EXERCISE INPUTS Block Start
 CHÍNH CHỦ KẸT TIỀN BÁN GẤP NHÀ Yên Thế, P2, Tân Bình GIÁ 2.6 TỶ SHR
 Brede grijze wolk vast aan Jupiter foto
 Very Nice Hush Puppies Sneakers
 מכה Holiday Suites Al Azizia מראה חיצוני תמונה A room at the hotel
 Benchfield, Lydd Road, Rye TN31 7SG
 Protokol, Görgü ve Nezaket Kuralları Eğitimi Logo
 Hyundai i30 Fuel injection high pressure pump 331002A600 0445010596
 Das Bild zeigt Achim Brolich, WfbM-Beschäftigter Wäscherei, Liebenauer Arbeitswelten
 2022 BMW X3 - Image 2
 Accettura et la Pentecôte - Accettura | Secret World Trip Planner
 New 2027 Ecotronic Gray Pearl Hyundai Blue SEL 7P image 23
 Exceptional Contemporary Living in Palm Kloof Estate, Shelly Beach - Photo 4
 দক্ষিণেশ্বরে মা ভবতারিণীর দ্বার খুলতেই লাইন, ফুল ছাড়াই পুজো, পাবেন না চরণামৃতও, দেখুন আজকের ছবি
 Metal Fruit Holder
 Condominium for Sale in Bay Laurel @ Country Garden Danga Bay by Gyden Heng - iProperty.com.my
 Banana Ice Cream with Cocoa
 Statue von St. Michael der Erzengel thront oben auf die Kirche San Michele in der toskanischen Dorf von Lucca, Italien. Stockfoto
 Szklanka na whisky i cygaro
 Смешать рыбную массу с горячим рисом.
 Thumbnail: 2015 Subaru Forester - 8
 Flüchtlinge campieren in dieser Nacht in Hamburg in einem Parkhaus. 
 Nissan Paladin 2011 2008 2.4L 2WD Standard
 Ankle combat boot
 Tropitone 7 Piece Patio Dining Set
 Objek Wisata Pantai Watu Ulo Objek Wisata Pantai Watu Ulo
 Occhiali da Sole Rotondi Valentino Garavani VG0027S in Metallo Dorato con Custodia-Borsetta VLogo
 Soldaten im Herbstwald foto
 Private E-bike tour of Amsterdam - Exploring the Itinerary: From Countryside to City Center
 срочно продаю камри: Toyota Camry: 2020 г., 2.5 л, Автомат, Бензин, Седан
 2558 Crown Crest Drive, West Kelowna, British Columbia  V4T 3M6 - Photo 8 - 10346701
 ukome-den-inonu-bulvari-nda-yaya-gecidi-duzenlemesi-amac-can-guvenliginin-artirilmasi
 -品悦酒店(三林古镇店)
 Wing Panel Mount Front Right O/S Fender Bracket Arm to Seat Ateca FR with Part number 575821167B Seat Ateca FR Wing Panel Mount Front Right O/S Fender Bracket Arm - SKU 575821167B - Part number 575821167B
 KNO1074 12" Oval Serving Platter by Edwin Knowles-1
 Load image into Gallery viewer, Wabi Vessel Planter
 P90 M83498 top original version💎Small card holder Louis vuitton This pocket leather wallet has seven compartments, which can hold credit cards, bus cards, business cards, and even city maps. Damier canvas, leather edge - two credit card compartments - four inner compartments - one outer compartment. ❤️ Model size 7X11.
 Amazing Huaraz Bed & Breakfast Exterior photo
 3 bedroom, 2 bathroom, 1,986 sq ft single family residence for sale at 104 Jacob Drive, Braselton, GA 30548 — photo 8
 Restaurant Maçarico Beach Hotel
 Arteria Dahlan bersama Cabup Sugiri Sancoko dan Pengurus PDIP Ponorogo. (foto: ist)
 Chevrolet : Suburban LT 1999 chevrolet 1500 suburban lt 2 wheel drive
EXERCISE INPUTS Block End
EXERCISE OBJECTIVE.
The line with "Ankle combat boot" and all lines after it through the end of the data above: write these out exactly and add nothing.

TASK ANSWER.
 Ankle combat boot
 Tropitone 7 Piece Patio Dining Set
 Objek Wisata Pantai Watu Ulo Objek Wisata Pantai Watu Ulo
 Occhiali da Sole Rotondi Valentino Garavani VG0027S in Metallo Dorato con Custodia-Borsetta VLogo
 Soldaten im Herbstwald foto
 Private E-bike tour of Amsterdam - Exploring the Itinerary: From Countryside to City Center
 срочно продаю камри: Toyota Camry: 2020 г., 2.5 л, Автомат, Бензин, Седан
 2558 Crown Crest Drive, West Kelowna, British Columbia  V4T 3M6 - Photo 8 - 10346701
 ukome-den-inonu-bulvari-nda-yaya-gecidi-duzenlemesi-amac-can-guvenliginin-artirilmasi
 -品悦酒店(三林古镇店)
 Wing Panel Mount Front Right O/S Fender Bracket Arm to Seat Ateca FR with Part number 575821167B Seat Ateca FR Wing Panel Mount Front Right O/S Fender Bracket Arm - SKU 575821167B - Part number 575821167B
 KNO1074 12" Oval Serving Platter by Edwin Knowles-1
 Load image into Gallery viewer, Wabi Vessel Planter
 P90 M83498 top original version💎Small card holder Louis vuitton This pocket leather wallet has seven compartments, which can hold credit cards, bus cards, business cards, and even city maps. Damier canvas, leather edge - two credit card compartments - four inner compartments - one outer compartment. ❤️ Model size 7X11.
 Amazing Huaraz Bed & Breakfast Exterior photo
 3 bedroom, 2 bathroom, 1,986 sq ft single family residence for sale at 104 Jacob Drive, Braselton, GA 30548 — photo 8
 Restaurant Maçarico Beach Hotel
 Arteria Dahlan bersama Cabup Sugiri Sancoko dan Pengurus PDIP Ponorogo. (foto: ist)
 Chevrolet : Suburban LT 1999 chevrolet 1500 suburban lt 2 wheel drive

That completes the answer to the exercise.